==== Records

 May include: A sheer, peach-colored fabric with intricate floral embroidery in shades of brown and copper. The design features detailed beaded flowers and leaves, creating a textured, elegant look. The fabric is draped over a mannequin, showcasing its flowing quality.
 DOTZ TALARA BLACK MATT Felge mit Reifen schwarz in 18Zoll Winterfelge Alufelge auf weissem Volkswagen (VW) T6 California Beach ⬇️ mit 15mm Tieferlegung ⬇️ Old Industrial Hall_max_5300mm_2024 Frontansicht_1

========
==== Records

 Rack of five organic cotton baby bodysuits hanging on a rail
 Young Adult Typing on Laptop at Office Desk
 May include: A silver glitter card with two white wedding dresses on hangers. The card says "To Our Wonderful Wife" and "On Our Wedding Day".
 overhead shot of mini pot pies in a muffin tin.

========
==== Records

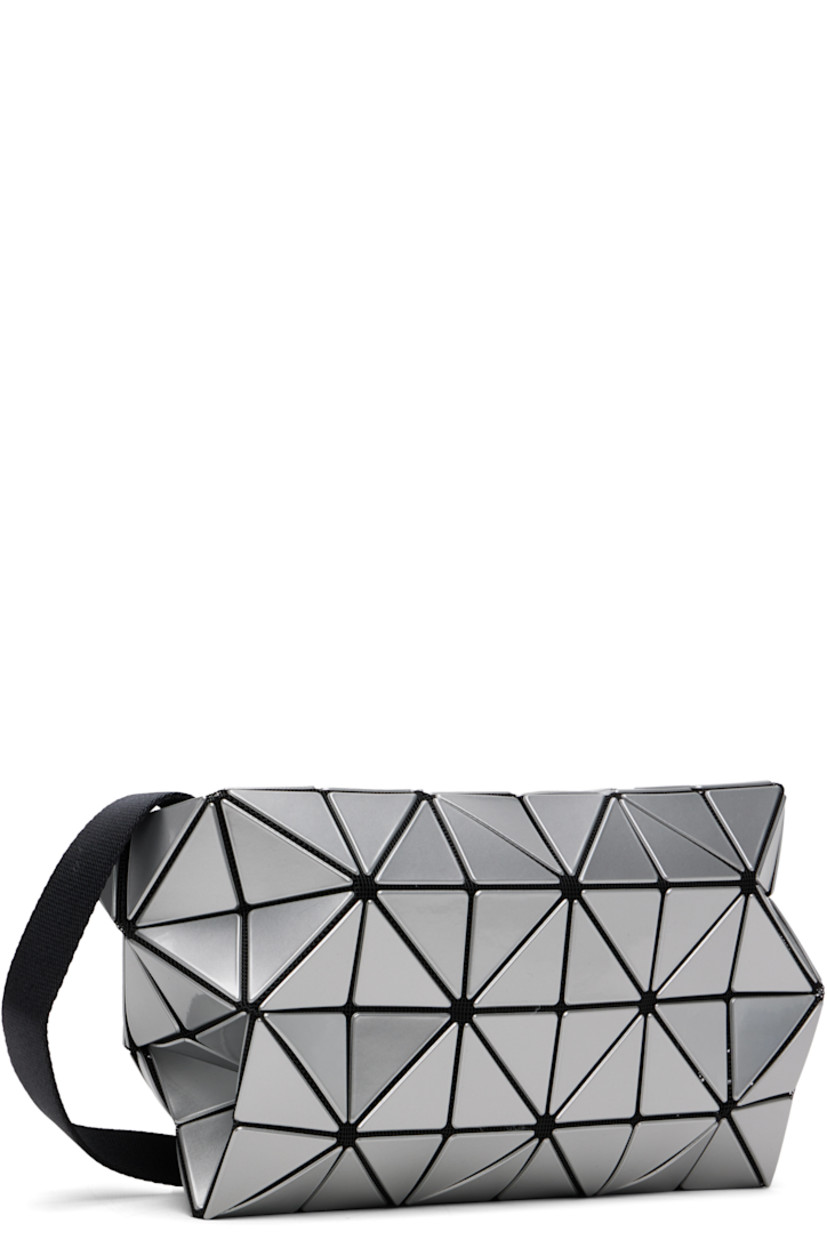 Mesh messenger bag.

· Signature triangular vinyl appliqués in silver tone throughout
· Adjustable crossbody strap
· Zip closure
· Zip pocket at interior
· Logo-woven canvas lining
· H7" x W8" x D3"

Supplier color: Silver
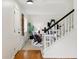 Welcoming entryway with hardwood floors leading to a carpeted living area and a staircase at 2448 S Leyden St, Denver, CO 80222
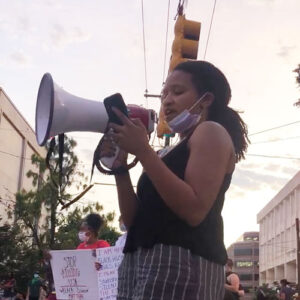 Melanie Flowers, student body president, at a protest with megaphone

========

What is needed:
Beginning with the line above that contains "Adjustable crossbody strap" and finishing with the line that contains "Melanie Flowers, student", print those lines exactly and only. Skip all pictures.

Task response:
· Adjustable crossbody strap
· Zip closure
· Zip pocket at interior
· Logo-woven canvas lining
· H7" x W8" x D3"

Supplier color: Silver
 Welcoming entryway with hardwood floors leading to a carpeted living area and a staircase at 2448 S Leyden St, Denver, CO 80222
 Melanie Flowers, student body president, at a protest with megaphone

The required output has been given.